The North are fighting for
supremacy and the South for independence, has been the voice.
Independence? for what? to do what? To prove the doctrine that all men
are _not_ equal; to establish the doctrine that the white may
enslave the negro!
In the beginning of our struggle, the voices that reached us across
the water said: "If we were only sure you were fighting for the
abolition of slavery, we should not dare to say whither our sympathies
for your cause might not carry us." Such, as we heard, were the words
of the honored and religious nobleman who draughted this very letter
which you signed and sent us, and to which we are now replying.

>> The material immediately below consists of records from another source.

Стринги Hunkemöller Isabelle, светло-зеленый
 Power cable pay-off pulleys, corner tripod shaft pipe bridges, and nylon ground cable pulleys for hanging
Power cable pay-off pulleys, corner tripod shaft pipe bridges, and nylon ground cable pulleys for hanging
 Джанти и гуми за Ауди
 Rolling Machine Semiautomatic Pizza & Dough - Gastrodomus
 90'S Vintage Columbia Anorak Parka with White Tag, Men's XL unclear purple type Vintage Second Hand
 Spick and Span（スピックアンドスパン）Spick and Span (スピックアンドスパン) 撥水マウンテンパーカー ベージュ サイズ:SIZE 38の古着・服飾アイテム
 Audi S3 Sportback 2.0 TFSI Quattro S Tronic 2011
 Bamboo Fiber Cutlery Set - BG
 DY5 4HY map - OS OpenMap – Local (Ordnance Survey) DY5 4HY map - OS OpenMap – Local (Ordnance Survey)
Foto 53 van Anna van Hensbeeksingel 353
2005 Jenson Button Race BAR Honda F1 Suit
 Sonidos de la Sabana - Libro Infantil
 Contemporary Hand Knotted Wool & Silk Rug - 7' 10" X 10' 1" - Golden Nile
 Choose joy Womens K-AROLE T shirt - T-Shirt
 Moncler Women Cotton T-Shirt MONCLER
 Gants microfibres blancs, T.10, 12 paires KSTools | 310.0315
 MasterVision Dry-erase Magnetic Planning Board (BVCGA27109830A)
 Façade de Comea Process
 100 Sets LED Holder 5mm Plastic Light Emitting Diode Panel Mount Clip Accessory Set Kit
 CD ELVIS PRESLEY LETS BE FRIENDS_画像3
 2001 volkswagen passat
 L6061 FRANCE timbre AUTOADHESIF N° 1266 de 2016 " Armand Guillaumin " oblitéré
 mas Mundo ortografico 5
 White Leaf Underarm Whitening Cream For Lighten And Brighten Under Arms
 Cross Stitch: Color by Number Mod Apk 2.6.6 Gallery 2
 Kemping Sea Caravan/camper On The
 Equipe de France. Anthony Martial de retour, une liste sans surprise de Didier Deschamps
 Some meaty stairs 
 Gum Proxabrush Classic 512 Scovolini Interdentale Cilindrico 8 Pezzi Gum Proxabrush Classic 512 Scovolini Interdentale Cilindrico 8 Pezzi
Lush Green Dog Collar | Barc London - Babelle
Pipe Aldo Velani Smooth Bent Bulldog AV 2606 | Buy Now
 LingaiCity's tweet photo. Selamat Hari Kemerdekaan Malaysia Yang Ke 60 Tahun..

When these words reached us we said: "We can wait; our friends in
England will soon see whither this conflict is tending." A year and a
half have passed; step after step has been taken for liberty; chain
after chain has fallen, till the march of our armies is choked and
clogged by the glad flocking of emancipated slaves; the day of final
emancipation is set; the border States begin to move in voluntary
consent; universal freedom for all dawns like the sun in the distant
horizon, and still no voice from England. No voice? Yes, we have heard
on the high seas the voice of a war-steamer, built for a man-stealing
Confederacy, with English gold, in an English dockyard, going out of
an English harbor, manned by English sailors, with the full knowledge
of English government officers, in defiance of the Queen's
proclamation of neutrality! So far has English sympathy overflowed.